Published August 24. 2010 05:00PM

Out of every 100 boy scouts, only two attain Eagle Scout status.

Despite those bleak odds, nothing could curtail Robert Keyser's quest to achieve the highest rank in the Boy Scouts of America.

Recently, fellow Palmerton Boy Scout Troop 20 members, family and friends attended Keyser's Eagle Scout of Honor held at the Stoney Ridge P.A.R.C. in Lower Towamensing Township.

In order to achieve the Eagle Award, a scout must earn 21 merit badges, as 11 badges are required by the Boy Scouts of America. In addition, they must complete a service project.

The main focus of the project is to show that the future Eagle Scout has leadership abilities and can take charge in setting up and completing a project.

For his project, Keyser raised nearly $1,100 to construct 15 benches around the park so senior citizens wouldn't have to climb bleachers.
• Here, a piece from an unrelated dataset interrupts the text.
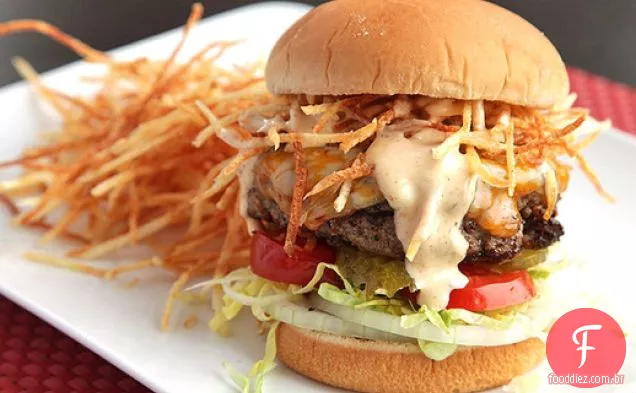 Fritas Cubanas (cheeseburgers temperados com batatas e molho picante)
In addition, the benches are plastic, so they can easily be moved if someone wants to sit elsewhere in the park.

Keyser said he began his project May 14, 2009, and completed it on Feb. 17. All told, he said the project took 106 hours, which also includes help he received from others who assisted with the project.
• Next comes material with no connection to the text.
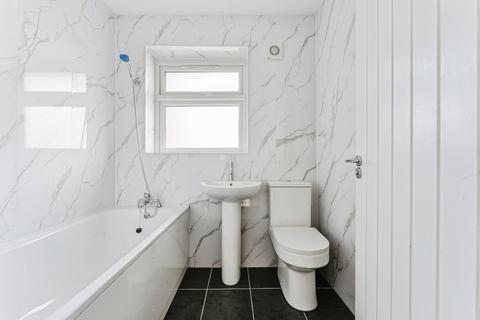 4 bedroom house for sale, Grosvenor Road, Leyton, E10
After he was presented with his Eagle Award, Keyser was given the Eagle Scout Charge, or actual oath of responsibility, in which he was told to live with honor, show loyalty, be courageous, and be cheerful.
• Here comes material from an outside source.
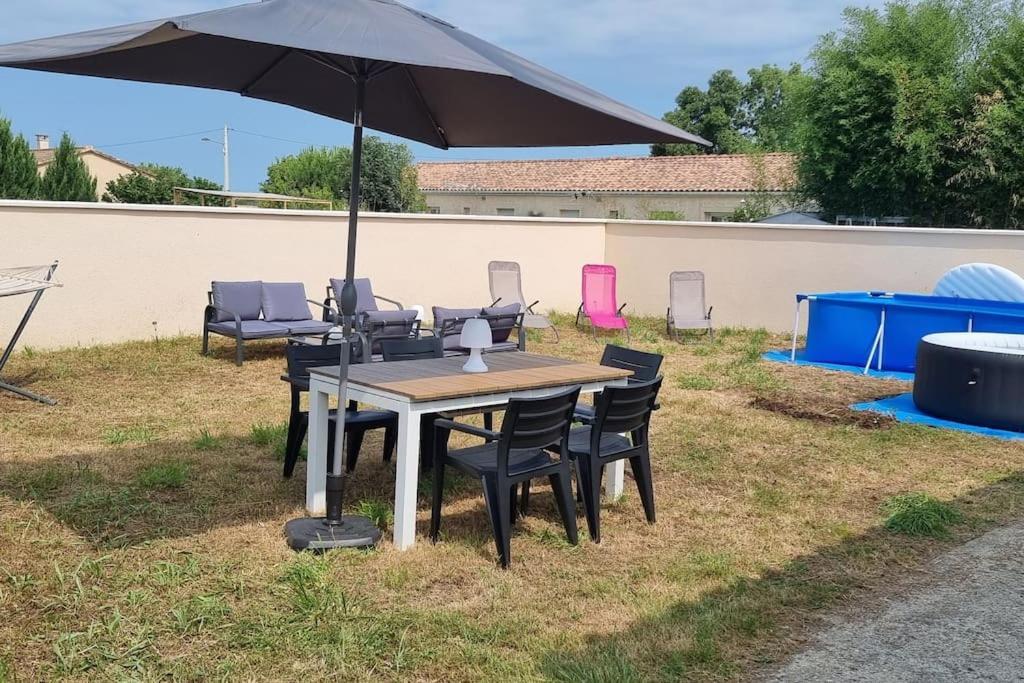 Maison Au Calme Entre Collegues Ou Famille - La Boheme - Saint-Seurin-sur-l'Isle Exterior foto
Scoutmaster James Schneck and assistant scoutmaster Randy Ashner decided to recount their memories of Keyser.

Schneck said Keyser was a "great asset" to the troop.

"What I'll remember most about Robert is his leadership ability and willingness to help other kids," Schneck said. "It was just a pleasure to have people like this."

Ashner said Keyser's personality and ability to work well with others always shined through.

"Robert was a real pleasure to the troop," Ashner said. "He always had a smiling face."

Keyser thanked everyone who made his day possible, and said scouting will always remain near and dear to his heart.

"Scouting has been fun," Keyser said. "I enjoyed it."